▶ _DATA BELOW_:

-*-

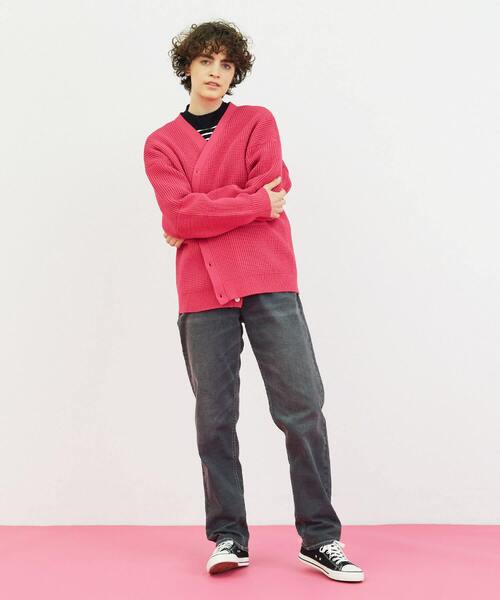 FRAPBOIS（フラボア）の「ガウンニット カーディガン（カーディガン/ボレロ・レディース・ブラウン/ピンク/グリーン・1/2）」の19枚目の写真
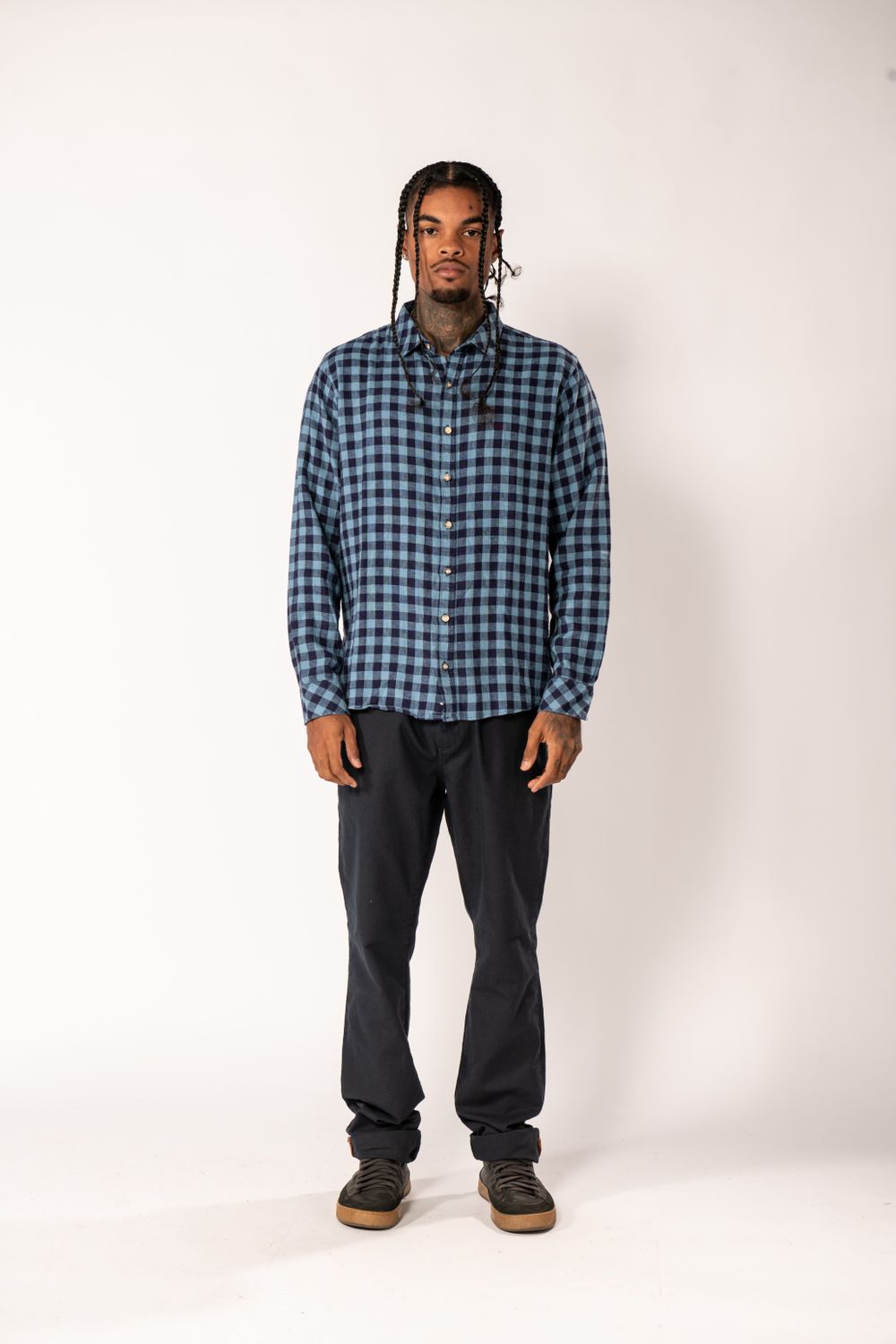 Camisa Soft Blue Plaid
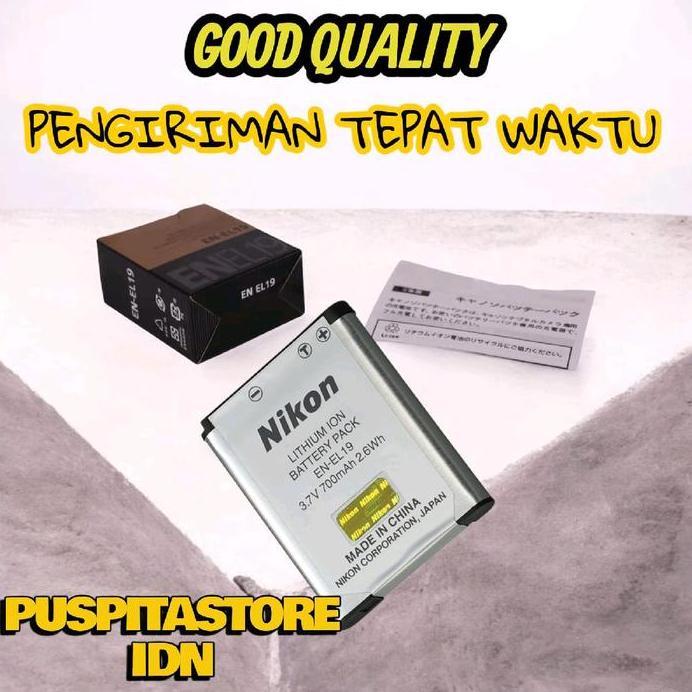 Baterai Nikon Coolpix S5200 S5300 S6400 S6600 S6400 S6500 - Batre Battery Premium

-*-

▶ _TASK TO COMPLETE_: Write out each line again, exactly as it appears above, except for any picture.

▶ _ANSWER SPACE_:
 FRAPBOIS（フラボア）の「ガウンニット カーディガン（カーディガン/ボレロ・レディース・ブラウン/ピンク/グリーン・1/2）」の19枚目の写真
 Camisa Soft Blue Plaid
 Baterai Nikon Coolpix S5200 S5300 S6400 S6600 S6400 S6500 - Batre Battery Premium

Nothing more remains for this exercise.